AIM OF THE EXERCISE ::
Repeat the records below verbatim and include no pictures.

•••

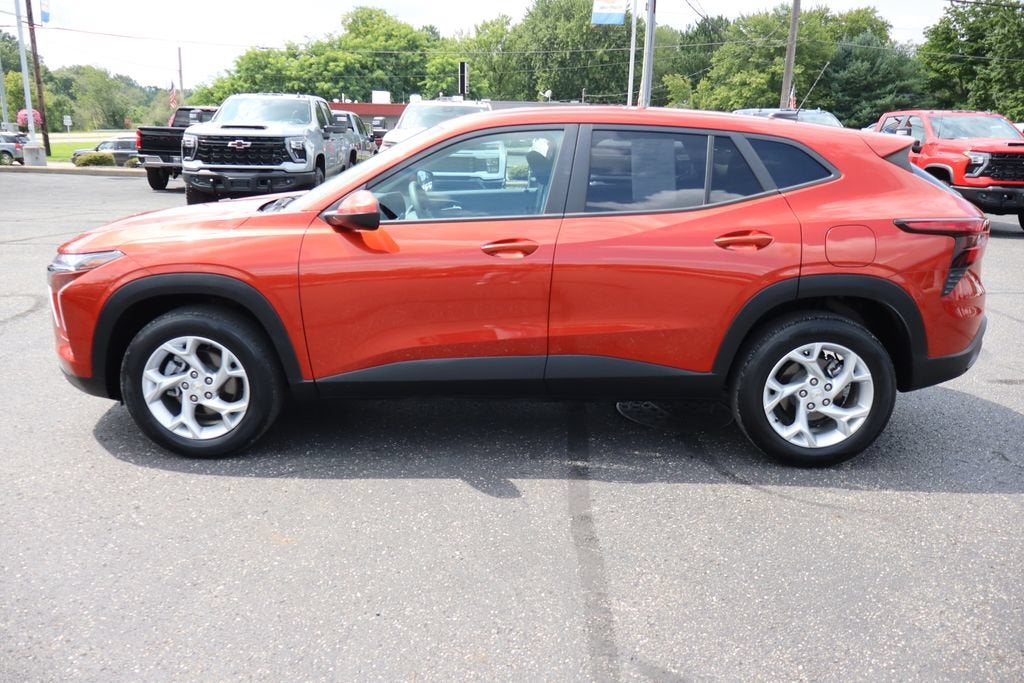 2024 Chevrolet Trax LS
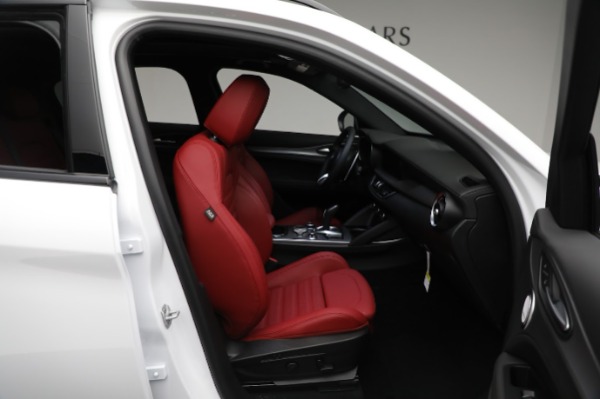 New 2024 Alfa Romeo Stelvio Veloce for sale Sold at Bentley Greenwich in Greenwich CT 06830 27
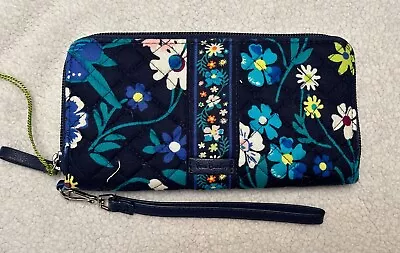 New Vera Bradley Iconic RFID Accordion Wristlet Wallet MOONLIGHT GARDEN ($60) • $14.99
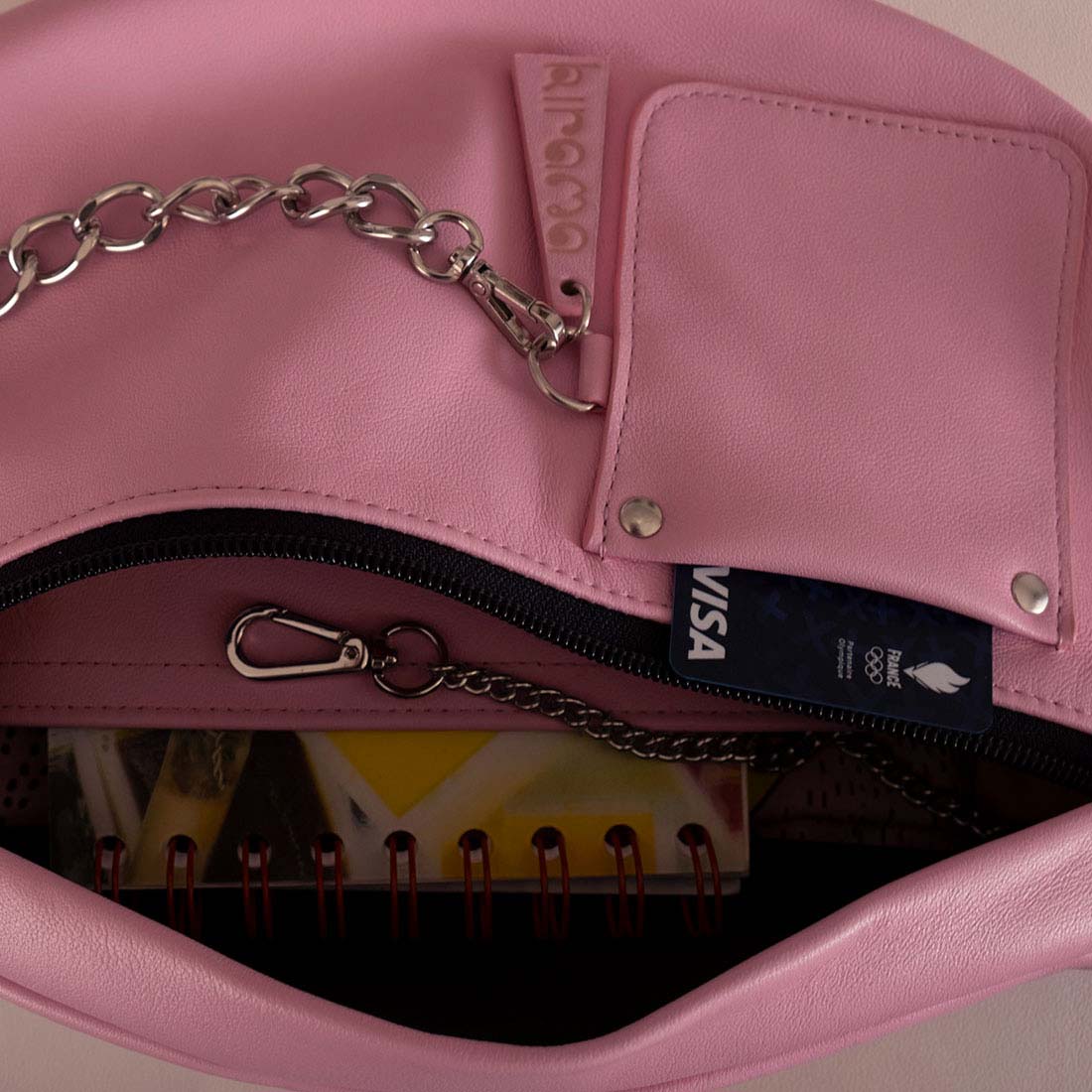 Sac banane en cuir coloris dragée rose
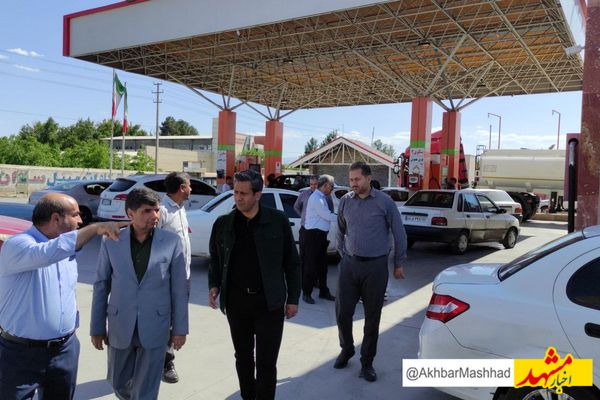 بازدید معاون استاندار و فرماندار شهرستان مشهد مقدس از پمپ‌بنزین‌های مستقر در محورهای مشهد به چناران/سوخت‌گیری عادی خودروها در جریان است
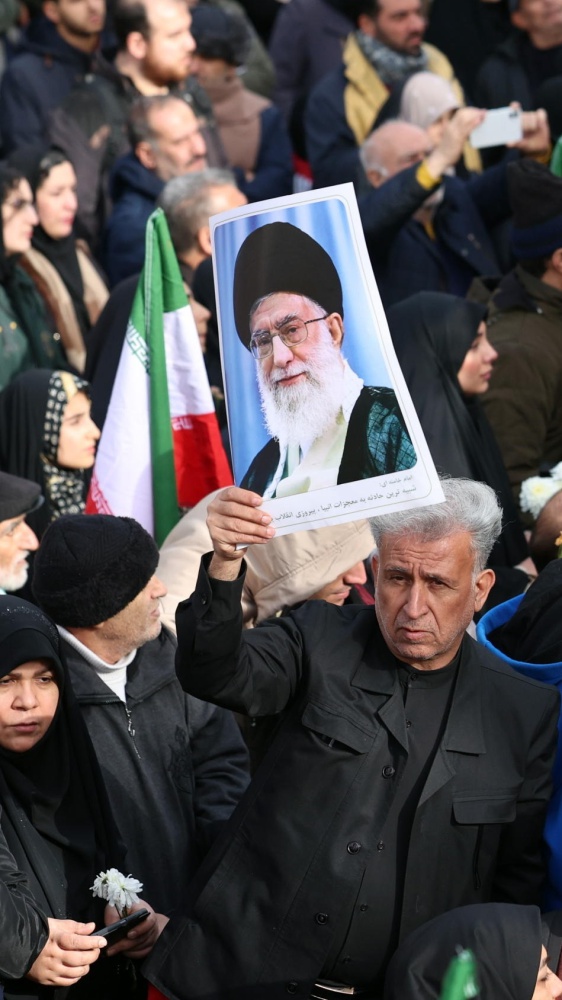 Iran nel mirino di Trump: attacco in 24 ore, poi uno stop. Intanto il regime fa sapere di aver ripreso il controllo totale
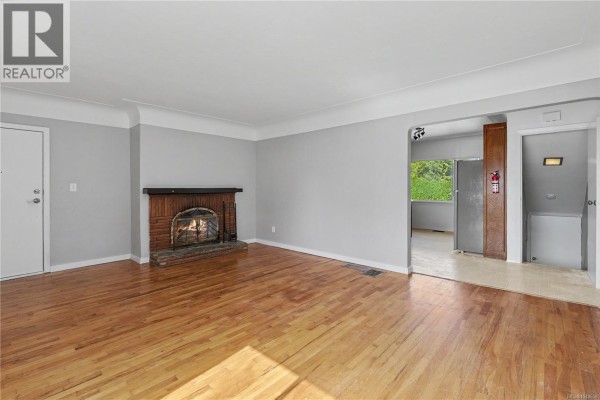 Living room - 244 Regina Ave, Saanich, BC V8Z1J5 Photo 5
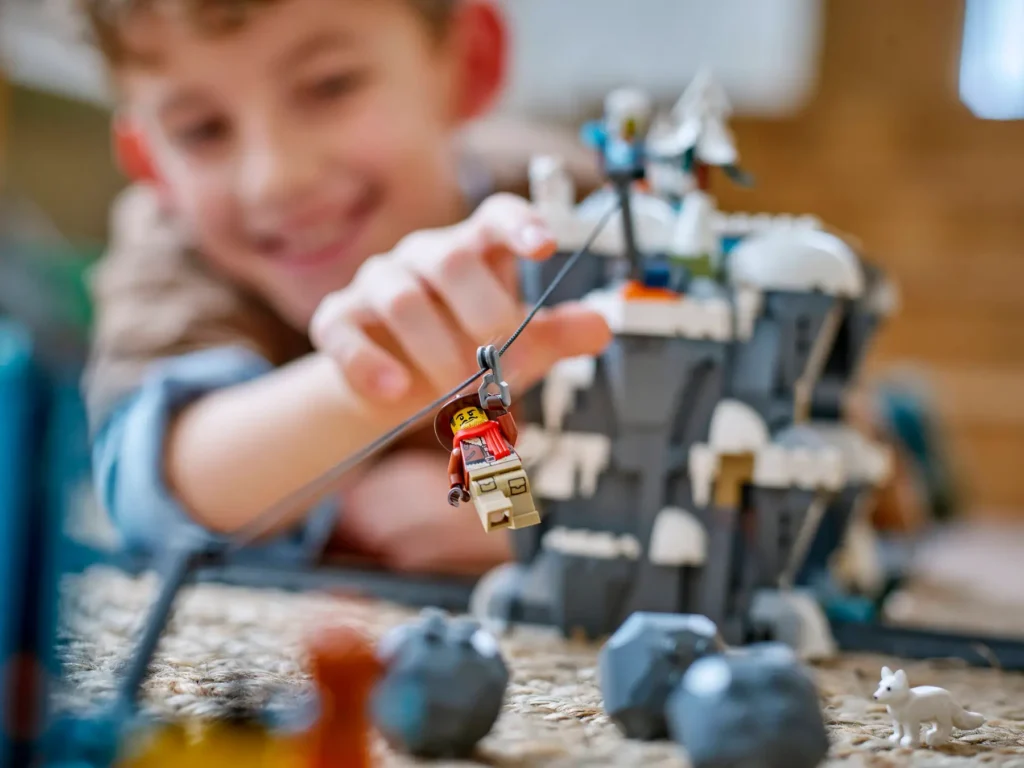 lego city 60470 artic explorer express train (4)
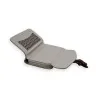 Portefeuille compact gris argenté avec motif ajouré et cordon, marque Mélanie Paris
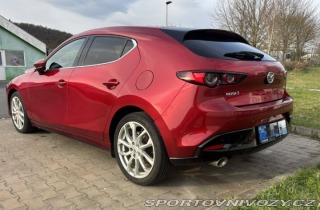 Mazda Ostatní modely 3 2,0 1800
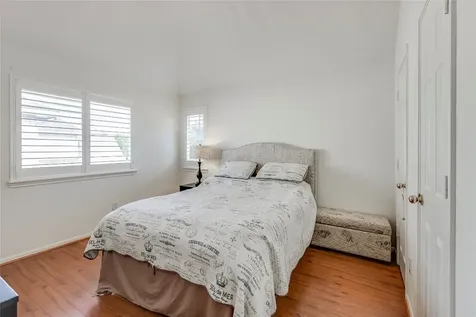 5914 Saber River Sugar Land TX 77479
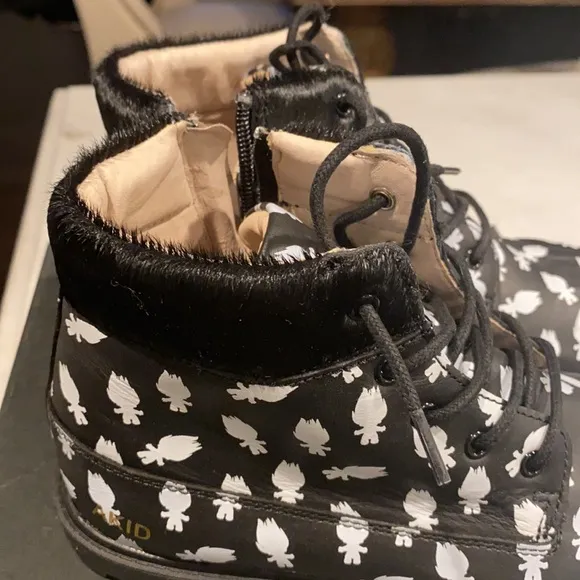 Akid Shoes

•••

OUTPUT OF THE TASK ::
 2024 Chevrolet Trax LS
 New 2024 Alfa Romeo Stelvio Veloce for sale Sold at Bentley Greenwich in Greenwich CT 06830 27
 New Vera Bradley Iconic RFID Accordion Wristlet Wallet MOONLIGHT GARDEN ($60) • $14.99
 Sac banane en cuir coloris dragée rose
 بازدید معاون استاندار و فرماندار شهرستان مشهد مقدس از پمپ‌بنزین‌های مستقر در محورهای مشهد به چناران/سوخت‌گیری عادی خودروها در جریان است
 Iran nel mirino di Trump: attacco in 24 ore, poi uno stop. Intanto il regime fa sapere di aver ripreso il controllo totale
 Living room - 244 Regina Ave, Saanich, BC V8Z1J5 Photo 5
 lego city 60470 artic explorer express train (4)
 Portefeuille compact gris argenté avec motif ajouré et cordon, marque Mélanie Paris
 Mazda Ostatní modely 3 2,0 1800
 5914 Saber River Sugar Land TX 77479
 Akid Shoes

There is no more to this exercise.